▸ **INSTRUCTIONS FOR THE TASK**
Search the records for the word "Grid" and report each line that has it.

▸ **SOURCE DATA**
^^^^

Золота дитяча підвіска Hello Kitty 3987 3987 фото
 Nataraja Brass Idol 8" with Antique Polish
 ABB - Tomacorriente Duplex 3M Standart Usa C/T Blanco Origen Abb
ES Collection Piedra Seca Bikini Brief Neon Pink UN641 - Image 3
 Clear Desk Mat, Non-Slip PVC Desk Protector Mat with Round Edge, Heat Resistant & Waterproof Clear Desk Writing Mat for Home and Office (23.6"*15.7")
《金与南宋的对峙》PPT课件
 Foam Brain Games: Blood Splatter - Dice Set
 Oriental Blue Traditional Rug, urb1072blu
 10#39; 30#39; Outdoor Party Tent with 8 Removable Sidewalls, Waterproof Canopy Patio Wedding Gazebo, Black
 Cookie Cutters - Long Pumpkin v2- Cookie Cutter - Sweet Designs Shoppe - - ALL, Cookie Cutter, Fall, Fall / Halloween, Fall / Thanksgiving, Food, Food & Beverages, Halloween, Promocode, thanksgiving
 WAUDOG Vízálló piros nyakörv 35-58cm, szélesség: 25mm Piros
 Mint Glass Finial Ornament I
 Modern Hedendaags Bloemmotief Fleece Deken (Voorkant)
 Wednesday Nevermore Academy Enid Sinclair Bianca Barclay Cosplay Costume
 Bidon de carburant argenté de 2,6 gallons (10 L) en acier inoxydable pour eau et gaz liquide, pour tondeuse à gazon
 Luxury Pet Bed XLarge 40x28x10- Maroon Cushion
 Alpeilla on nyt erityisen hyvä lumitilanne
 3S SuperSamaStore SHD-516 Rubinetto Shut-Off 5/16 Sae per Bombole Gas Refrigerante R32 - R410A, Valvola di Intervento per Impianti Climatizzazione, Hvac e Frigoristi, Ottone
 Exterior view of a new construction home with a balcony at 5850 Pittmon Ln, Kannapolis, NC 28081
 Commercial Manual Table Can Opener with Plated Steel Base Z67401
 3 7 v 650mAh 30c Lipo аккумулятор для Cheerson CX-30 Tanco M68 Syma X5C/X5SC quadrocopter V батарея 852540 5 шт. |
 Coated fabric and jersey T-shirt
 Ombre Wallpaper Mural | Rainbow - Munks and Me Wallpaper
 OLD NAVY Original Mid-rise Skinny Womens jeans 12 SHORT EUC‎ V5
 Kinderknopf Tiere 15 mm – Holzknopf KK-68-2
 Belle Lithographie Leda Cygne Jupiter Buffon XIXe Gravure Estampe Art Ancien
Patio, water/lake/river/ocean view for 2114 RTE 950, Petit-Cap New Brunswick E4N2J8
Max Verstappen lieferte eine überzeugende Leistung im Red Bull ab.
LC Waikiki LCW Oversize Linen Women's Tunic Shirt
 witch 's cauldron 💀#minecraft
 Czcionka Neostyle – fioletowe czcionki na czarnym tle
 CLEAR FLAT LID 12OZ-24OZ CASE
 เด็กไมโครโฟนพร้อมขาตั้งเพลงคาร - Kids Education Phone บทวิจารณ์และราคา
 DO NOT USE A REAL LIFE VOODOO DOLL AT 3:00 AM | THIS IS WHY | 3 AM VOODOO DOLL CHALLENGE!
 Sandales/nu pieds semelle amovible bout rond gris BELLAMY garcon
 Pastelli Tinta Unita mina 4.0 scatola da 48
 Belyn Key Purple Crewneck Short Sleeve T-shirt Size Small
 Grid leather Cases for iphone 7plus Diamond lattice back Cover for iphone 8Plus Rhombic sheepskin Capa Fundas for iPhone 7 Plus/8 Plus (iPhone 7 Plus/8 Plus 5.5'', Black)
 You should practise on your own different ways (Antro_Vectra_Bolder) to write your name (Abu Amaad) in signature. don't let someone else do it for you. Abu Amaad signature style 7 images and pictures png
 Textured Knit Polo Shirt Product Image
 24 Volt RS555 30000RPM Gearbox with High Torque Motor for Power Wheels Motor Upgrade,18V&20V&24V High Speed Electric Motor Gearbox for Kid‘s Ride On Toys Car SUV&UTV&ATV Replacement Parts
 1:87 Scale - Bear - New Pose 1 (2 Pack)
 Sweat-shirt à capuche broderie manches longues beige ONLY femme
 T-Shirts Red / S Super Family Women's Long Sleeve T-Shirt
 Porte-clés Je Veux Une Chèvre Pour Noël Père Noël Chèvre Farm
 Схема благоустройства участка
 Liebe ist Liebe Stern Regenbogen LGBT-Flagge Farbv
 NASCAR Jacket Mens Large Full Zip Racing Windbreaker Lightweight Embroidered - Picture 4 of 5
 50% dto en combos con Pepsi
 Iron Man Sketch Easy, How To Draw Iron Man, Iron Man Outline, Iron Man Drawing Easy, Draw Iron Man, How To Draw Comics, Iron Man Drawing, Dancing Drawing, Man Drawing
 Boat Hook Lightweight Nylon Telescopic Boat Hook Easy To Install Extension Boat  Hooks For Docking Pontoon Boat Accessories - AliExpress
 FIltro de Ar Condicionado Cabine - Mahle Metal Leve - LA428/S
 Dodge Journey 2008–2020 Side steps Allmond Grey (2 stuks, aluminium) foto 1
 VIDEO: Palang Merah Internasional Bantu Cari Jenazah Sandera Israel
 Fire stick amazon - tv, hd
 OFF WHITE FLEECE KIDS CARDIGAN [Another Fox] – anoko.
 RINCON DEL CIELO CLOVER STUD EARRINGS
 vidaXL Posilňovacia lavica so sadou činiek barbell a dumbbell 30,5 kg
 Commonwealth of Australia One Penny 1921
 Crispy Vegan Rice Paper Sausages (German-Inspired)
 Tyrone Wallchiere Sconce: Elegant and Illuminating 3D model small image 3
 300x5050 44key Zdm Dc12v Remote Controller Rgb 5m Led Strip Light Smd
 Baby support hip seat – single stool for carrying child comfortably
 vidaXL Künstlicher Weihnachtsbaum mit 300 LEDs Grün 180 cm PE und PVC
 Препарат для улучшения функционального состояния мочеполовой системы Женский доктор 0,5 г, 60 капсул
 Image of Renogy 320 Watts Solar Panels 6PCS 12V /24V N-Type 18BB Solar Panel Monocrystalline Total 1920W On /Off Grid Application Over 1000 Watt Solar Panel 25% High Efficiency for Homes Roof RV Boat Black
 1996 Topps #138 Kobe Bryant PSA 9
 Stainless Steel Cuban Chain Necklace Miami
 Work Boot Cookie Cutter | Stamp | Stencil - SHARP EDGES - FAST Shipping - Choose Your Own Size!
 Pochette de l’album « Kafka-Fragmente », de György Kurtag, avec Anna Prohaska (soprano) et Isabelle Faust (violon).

^^^^

▸ **RESPONSE TO THE TASK**
 Grid leather Cases for iphone 7plus Diamond lattice back Cover for iphone 8Plus Rhombic sheepskin Capa Fundas for iPhone 7 Plus/8 Plus (iPhone 7 Plus/8 Plus 5.5'', Black)
 Image of Renogy 320 Watts Solar Panels 6PCS 12V /24V N-Type 18BB Solar Panel Monocrystalline Total 1920W On /Off Grid Application Over 1000 Watt Solar Panel 25% High Efficiency for Homes Roof RV Boat Black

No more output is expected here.